Model predictive control-based power dispatch for distribution system considering plug-in electric vehicle uncertainty

• Formulate power dispatch model to minimize the operational cost and the risk of energy transaction with the utility grid.
• Propose a MPC-based on-line power dispatch method to accommodate the uncertainty and variability of PEV charging load.
• Investigate the impact of PEV uncertainty under various charging schemes and operational conditions.
• Evaluate the performance of a variety of power dispatch models at the distribution level considering PEV uncertainty.

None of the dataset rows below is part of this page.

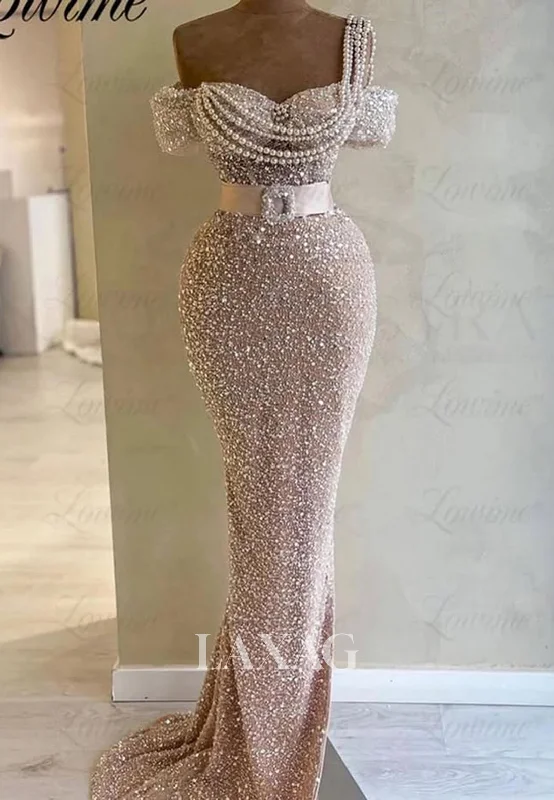 Sweetheart Off-Shoulder Sleeveless Mermaid Prom Dress Sequined Pearl Glitter-Knit Evening Gowns Sweetheart Off-Shoulder Sleeveless Mermaid Prom Dress Sequined Pearl Glitter-Knit Evening Gowns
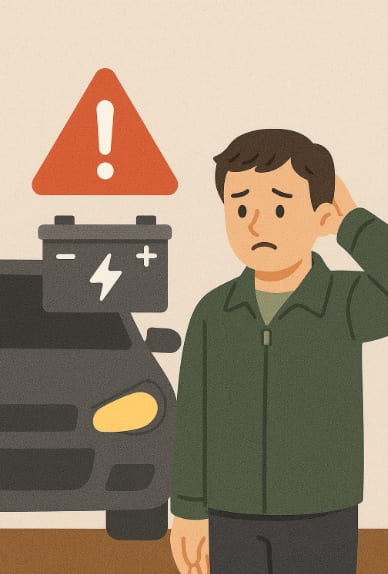 자동차배터리방전으로곤란해보이는사람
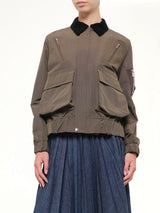 Grosgrain Bonding Blouson in Brown/Dark Khaki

As an important component of Smart Grid, advanced plug-in electric vehicles (PEVs) are drawing much more attention because of their high energy efficiency, low carbon and noise pollution, and low operational cost. Unlike other controllable loads, PEVs can be connected with the distribution system anytime and anywhere according to the customers’ preference. The uncertain parameters (e.g., charging time, initial battery state-of-charge, start/end time) associated with PEV charging make it difficult to predict the charging load. Therefore, the inherent uncertainty and variability of the PEV charging load have complicated the operations of distribution systems. To address these challenges, this paper proposes a model predictive control (MPC)-based power dispatch approach. The proposed objective functions minimize the operational cost while accommodating the PEV charging uncertainty. Case studies are performed on a modified IEEE 37-bus test feeder. The numerical simulation results demonstrate the effectiveness and accuracy of the proposed MPC-based power dispatch scheme.